46476. But is the net not more liable to be injured when drawn to the shore than when drawn in deep water ?
—Yes, but we generally lift them out where they hardly catch the ground.

46477. Is the whole of the shore along here quite clear for the fishermen Can they draw where they like?
—No, there are some rocks and foul ground that they cannot get near.

46478. But I mean is there any restriction on the part of the proprietor, or does he allow you to draw wherever you like ?
—Yes. I may say there is nothing to stop us here; there is no restriction.

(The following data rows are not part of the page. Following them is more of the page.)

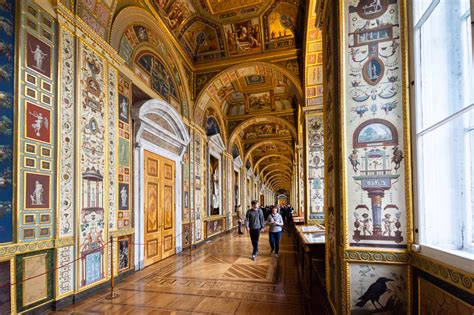 Visiting the amazing State Hermitage Museum St. Petersburg - Do's and ...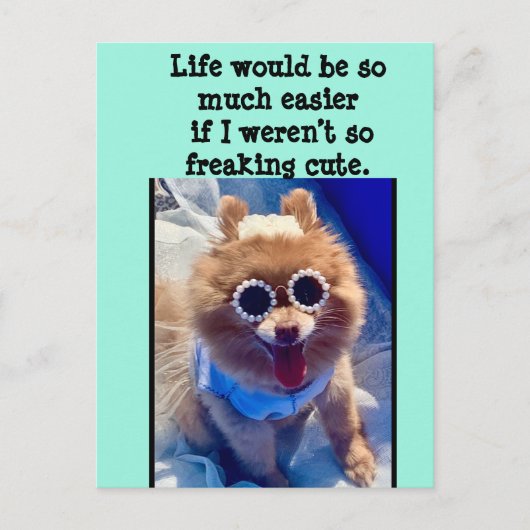 MULTI PURPOSE KAART PER BAD GIRL ART (Voorkant)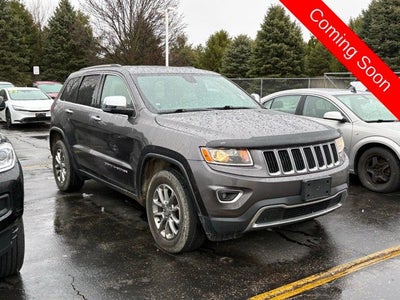 2014 Jeep Grand Cherokee Limited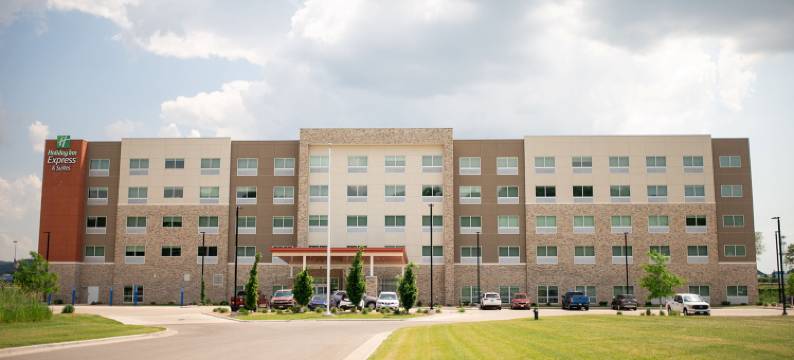 奥那拉斯加拉克罗斯地区智选假日套房酒店(Holiday Inn Express & Suites ONALASKA - LA CROSSE AREA by IHG)图片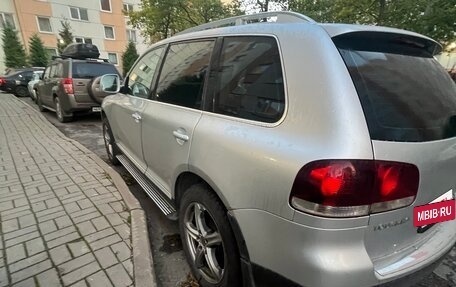 Volkswagen Touareg III, 2008 год, 600 000 рублей, 5 фотография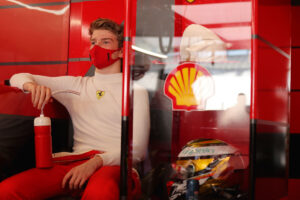 schw TEST T3  ABU DHABI  –  MARTEDÌ 15/12/20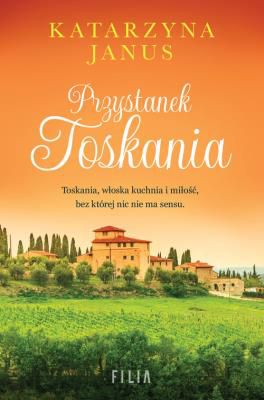 Książka wydana w serii Wielkie Litery – w specjalnym formacie z dużą czcionką dla seniorów i osób słabowidzących. Kiedy Julię niespodziewanie porzuca mąż, wydaje się, że nic dobrego już jej w życiu nie czeka. Jednak coś się kończy zazwyczaj po to, aby mogło się zacząć coś nowego. Być może to czas, aby zadbać wreszcie o siebie, aby spełnić swoje marzenia. Tymczasem Julia od wielu lat ma jedno marzenie. JEDNO, ALE ZA TO WIELKIE – ZAMIESZKAĆ W SŁONECZNEJ TOSKANII. Gdy mija pierwszy szok, kobieta wyjeżdża jako pielęgniarka do pracy do Włoch… tam na jej drodze pojawiają się nowi mężczyźni, którzy mogą odmienić jej życie. Wzruszająca opowieść, której akcja dzieje się w pięknej toskańskiej scenerii i miasteczkach niekoniecznie znanych z popularnych przewodników. Do tego wszystkiego zapachy kuchni włoskiej kuszące bezustannie i historia wielkiej miłości. Bo bez miłości nic przecież nie ma sensu…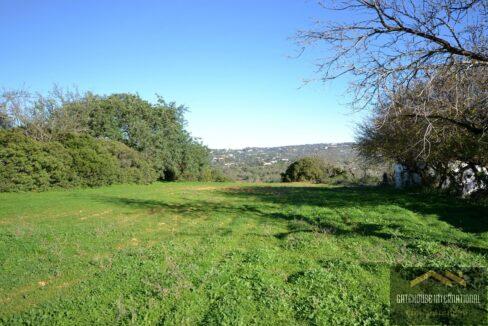 Land For Sale In Boliqueime Loule Algarve2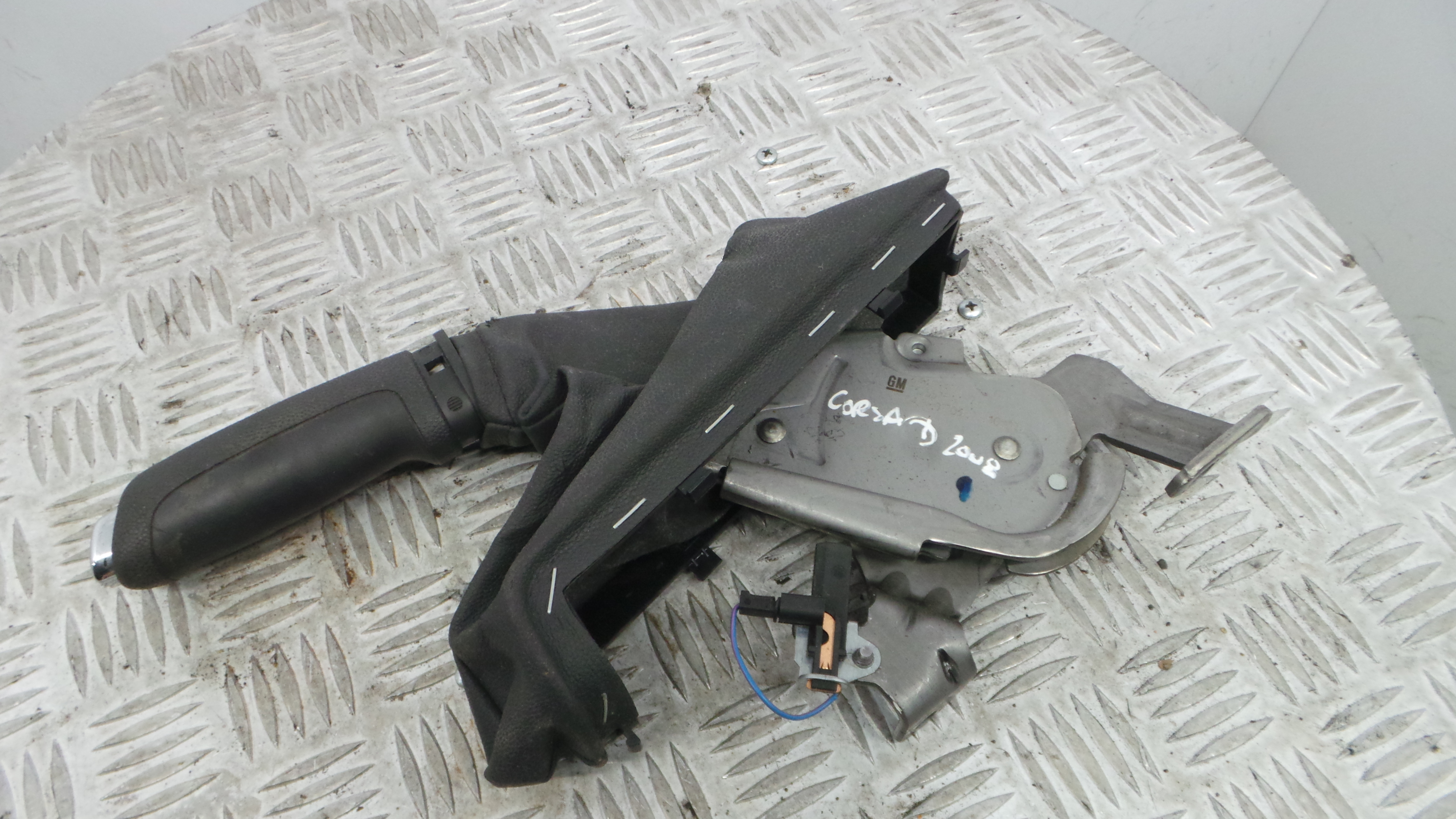 Travão de Mão  13255754 - OPEL CORSA D (S07)-33630961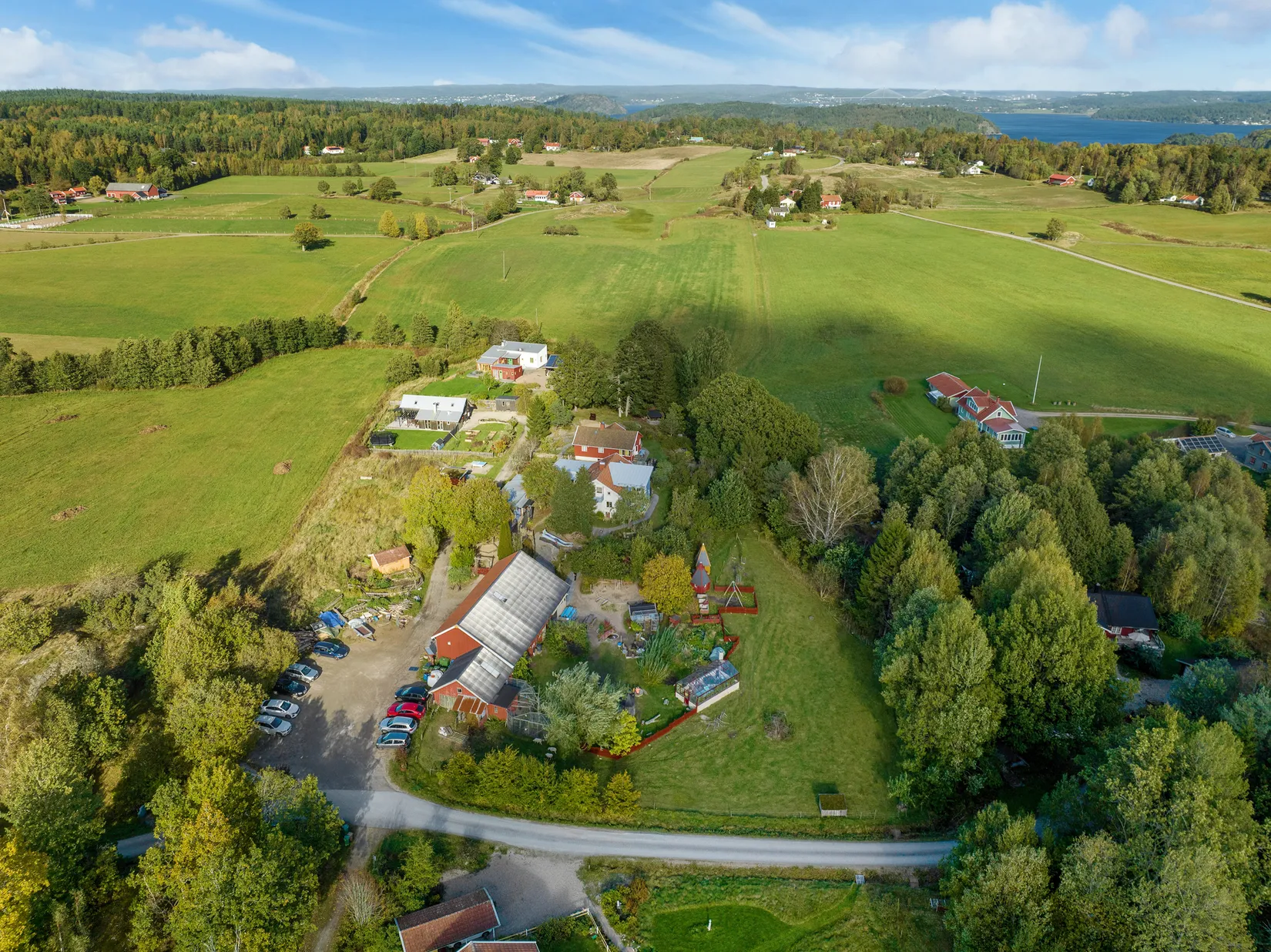 Villa, Ström 744, Ström, Orust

46479. Are there any stake nets for salmon along the shore?
—Yes, there are some.

46480. How do you manage with them ?
—We do not go near them. They are inside of where we draw. We work outside the stake.

46481. But when you draw on the beach?
—We do not draw so near in as the stake boats.

46482. In fact, there is no difficulty about stake nets ?
—None at all.

46483. Do you ever catch salmon in the herring nets?

46484. You never catch salmon by accident?
—Well, we will see one at an odd time, but very seldom. A man may be working all his days and never see a salmon in a trawl net.

46485. There are a great number of boats in the loch, and they come from different quarters; is there any kind of understanding or arrangement that the boats from one place shall take one part of the loch and the boats from another place shall take another, or does everybody go where he likes ?
—Just where he likes. There are boats from Ardrishaig, and we draw side by side on the shore; and those coming from Campbeltown do the same.

46486. Is there ever any conflict or quarrel between boats from different places that want to fish on the same spot ?
—There is that among ourselves whiles.

46487. Who regulates that? Who keeps you all in order?
—It very often goes out in smoke. We do not say much about it.

46488. Then there is no practical difficulty about each party finding their ground and taking their fish—no confusion ?
—None in the least.

46489. You said that boats are generally bought by people at once; I suppose a man will sometimes sell a share of a boat to another man?

46490. Is there a good deal of that sort of buying and selling shares of boats ?
—Yes, very often at the hinder end of every year a good deal of it.

46491. Is there any speculation; does the share of the boat rise and fall like the share of the company or mine?
—According to the notion the man has of the boat; if he is going to keep her or give her up. Very often
some are kept up high and some are not.

46492. But does a man ever buy or sell a share of a boat as a speculation?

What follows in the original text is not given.